CKA Study notes - Pod Scheduling

Overview

This post is part of my preparations towards the Certified Kubernetes Administrator exam. I have also done a post on Daemon Sets, Replica Sets and Deployments which we normally use for deploying workloads.

In this post we'll take a look at Pod scheduling and how we can work with the Kubernetes scheduler and decide how and where Pods are scheduled. This can also be incorporated in Daemon Sets, Replica Sets and Deployments, which is how you normally deploy stuff. I'll keep it easy and just schedule Pods in these examples.

Note #1: I'm using documentation for version 1.19 in my references below as this is the version used in the current (dec 2021) CKA exam. Please check the version applicable to your usecase and/or environment

Note #2: This is a post covering my study notes preparing for the CKA exam and reflects my understanding of the topic, and what I have focused on during my preparations.

Kubernetes Scheduler

Kubernetes Documentation reference

First let's take a quick look at how Kubernetes schedules workloads.

The scheduler does not work with individual containers directly, the smallest entity Kubernetes will manage is a Pod. A Pod contains one or more containers.

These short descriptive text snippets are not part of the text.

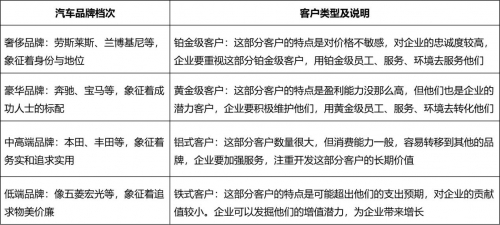（表2：汽车品牌档次比拟成客户分类）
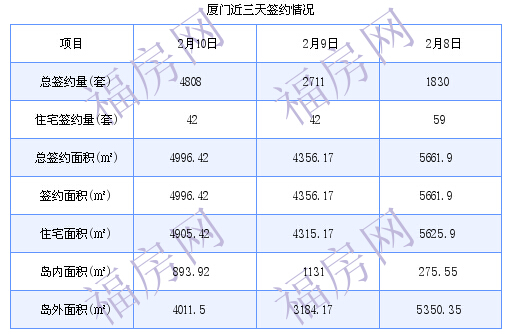 厦门最新房价：2月10日住宅成交42套 面积4905.42平方米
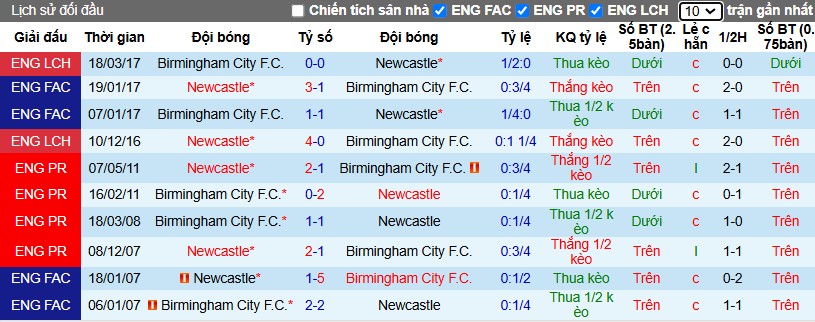 Nhận định, Soi kèo Birmingham City vs Newcastle, 0h45 ngày 09/02 - Ảnh 3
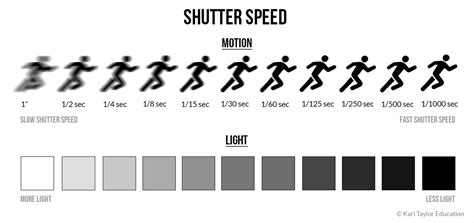 Shutter Speed Visual Education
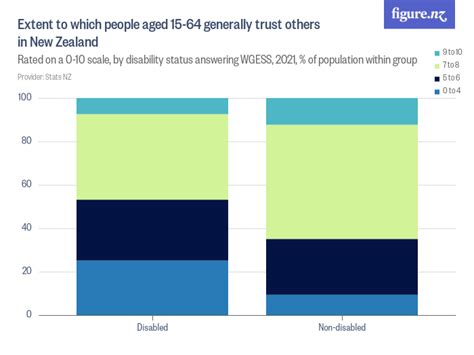 Extent to which people aged 15-64 generally trust others in New Zealand ...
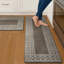 Tapis de cuisine imperméable anti-fatigue anti-dérapant-109420828-109420819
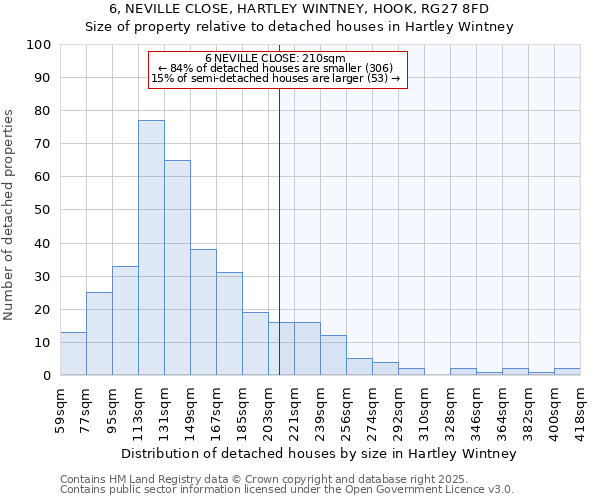 6, NEVILLE CLOSE, HARTLEY WINTNEY, HOOK, RG27 8FD: Size of property relative to detached houses houses in Hartley Wintney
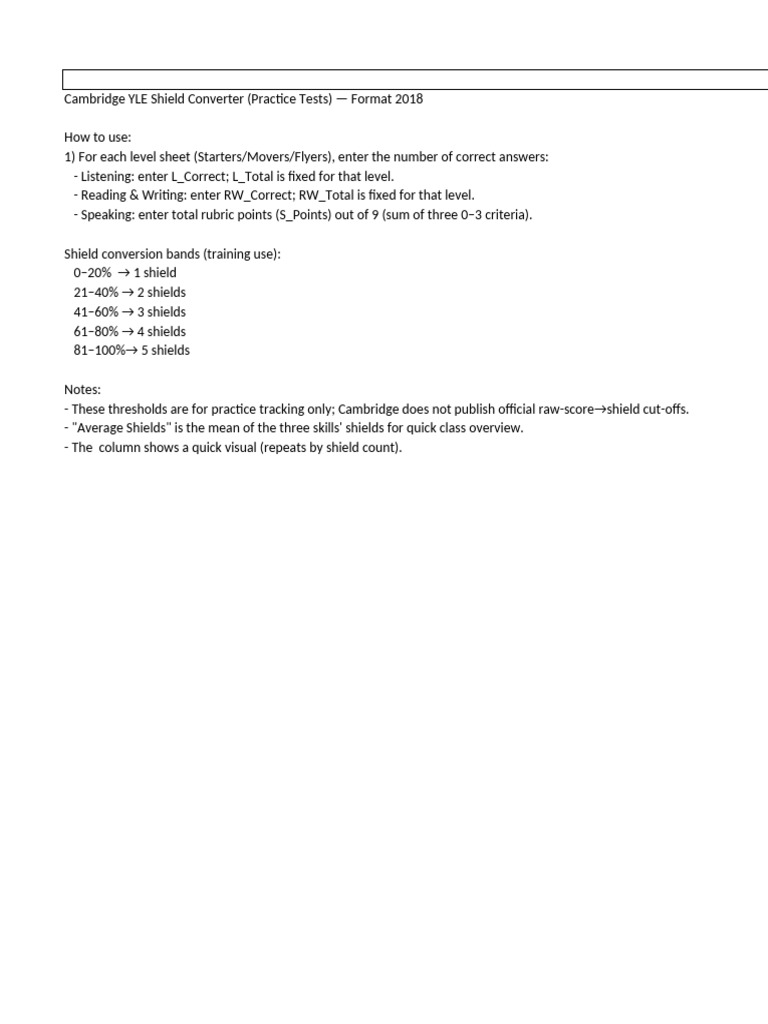 YLE Shield Converter Starters-Movers-Flyers | PDF | Languages Of The ...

To decide which Node a Pod will be run on Kubernetes works through several decisions which can be divided in to two steps

  1. Filtering
  2. Scoring

Filtering

The first operation is to filter which Nodes are candidates to run the Pod. These are called feasible nodes. In this step Kubernetes is filtering which nodes have enough resources to meet the Pods requirements. Resources include both cpu and memory requirements, but also storage mounts and networking.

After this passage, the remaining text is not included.